Two Rescues
Dreamed 1836 and c.1860-65 by Hervey de Saint-Denys
INTRODUCTION
Saint-Denys pioneered the study of lucid dreams, but he explored many other types. One he calls "the strangest of all, which several authors have mentioned as having been experienced by some people, while declaring that they found it really very difficult to explain. I refer to those dreams where one dreams, if one is a man, that one has become a woman, and conversely, if one is a woman, that one belongs to the male sex."
In decades of dreamwork, Saint-Denys recorded only two gender-bent dreams.
TAILOR'S APPRENTICE
I dreamt that I saw a young apprentice girl with her hair spread out and horribly mistreated by a tailor, her boss (I had read in the newspapers, the day before or the day before, a judgement revealing facts of this nature which had outraged me very much). The girl had a sledgehammer in her hand. I was irritated that she let herself be hit without defending herself; I could not come to her aid, I don't know why, and I shouted in vain for her to hit back. Suddenly I found myself as the apprentice; I struck angrily with the mallet at the forehead of the hateful man who was torturing me. I look at him bloodied and lying down. Then I feared that I would be arrested; I gathered up my hair, tied it behind my head, ran away and took care to hang my dress on the wooden hairpins on which the twisted hemp was stretched.
I was fourteen years old when I had this dream.
DAMSEL ON THE PYRE
In the second observation, of much more recent date, it is again a very painful situation that I assimilate.
I was among savages, Indians or natives, I don't know. On a pyre was tied a half-naked young woman, whose beauty further stimulated the deep feeling of pity that penetrated me. Tongues of flame were already touching her slender legs. This sight distressed me. I imagined all the anguish and tumultuous thoughts this wretched woman must have had.
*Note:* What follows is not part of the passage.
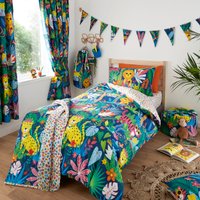 Mädchen Jungen Kinder Tropical Jungle Katzen Wendbare Bettbezug Bettwäsche Vorhänge von HappyLinenCompany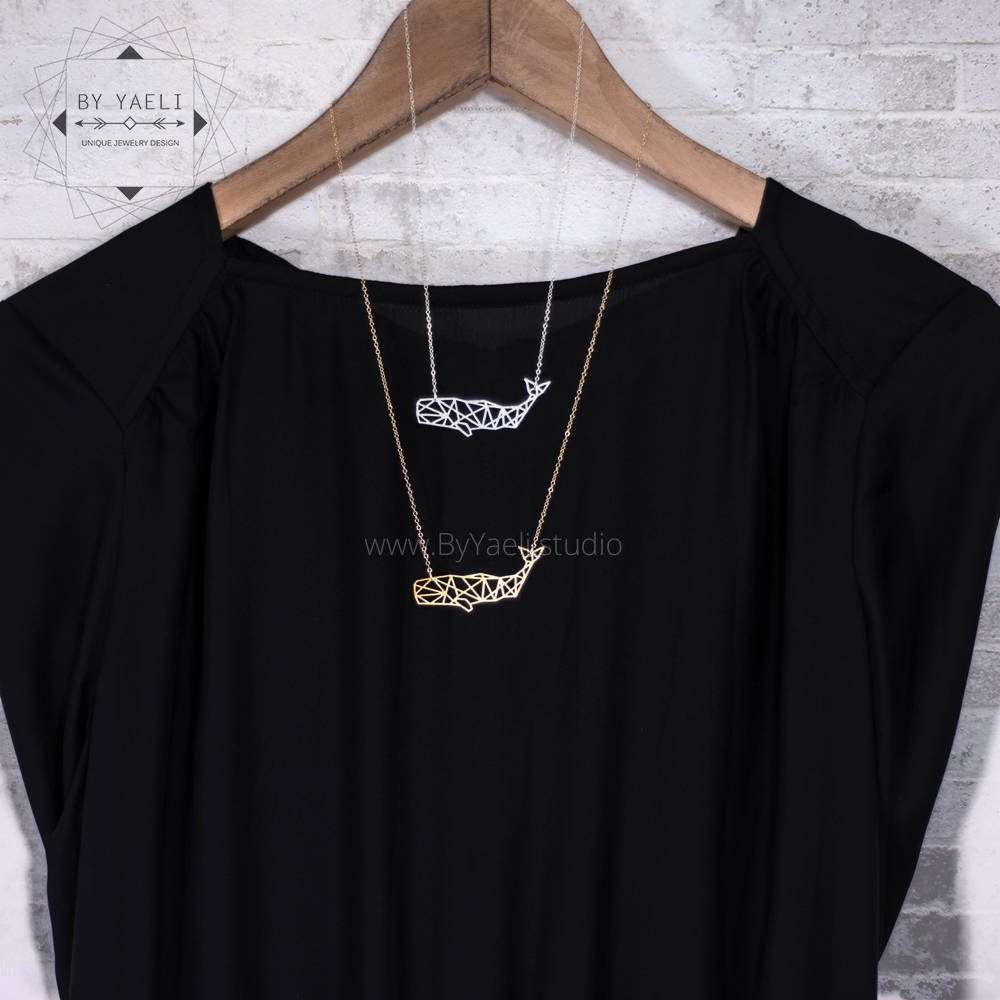 Whale necklace silver origami whale pendant geometric whale tail necklace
The same phenomenon was repeated as before; the same transposition, unconscious in its realisation, but well characterised in its result. I believe in good faith that this woman was exposed to the torment of fire. I have personally experienced all the emotions I thought she would experience. Then, by one of those reversals of ideas so frequent in dreams, and which prove, by the way, how acute the attention in them may be, as it comes to paralyse all reflection, I was in the process of forgetting my terrible situation in the admiring contemplation of my own forms, when the feeling of truth dawned upon me, and the consciousness of such a mad delusion awoke me.
Source: Dreams and how to direct them, 2022, pp 184-185; Daniel Bernardo's translation of Les reves et les moyens de les diriger by Hervey de Saint-Denys, 1867. Untitled in original.
EDITOR'S NOTES
What a change from teen to so-called adult! The first dream's clear and active; his urge to help is effective. His identification is close and sharp-eyed--that dress is hemp (cheap and scratchy) yet she hangs it with care; this rag's all she has. But the second dream's language is stilted; I think he means "When I became her, I got so distracted by my own sexiness I forgot my little problem of getting burned alive." His urge to help backfires! Sex distracts him from effective action--even from clear narration. Struggle dwindles to... ogle.
I won't preach the gospel of Wordsworth, Lewis Carroll or Peter Pan here, but sometimes the child is better than the man. At least a 19th Century European man.
FINAL NOTE: these are early, but not the first gender-bent dreams on record. Sixteen centuries earlier, Saint Perpetua, about to be martyred, had her Last Dream.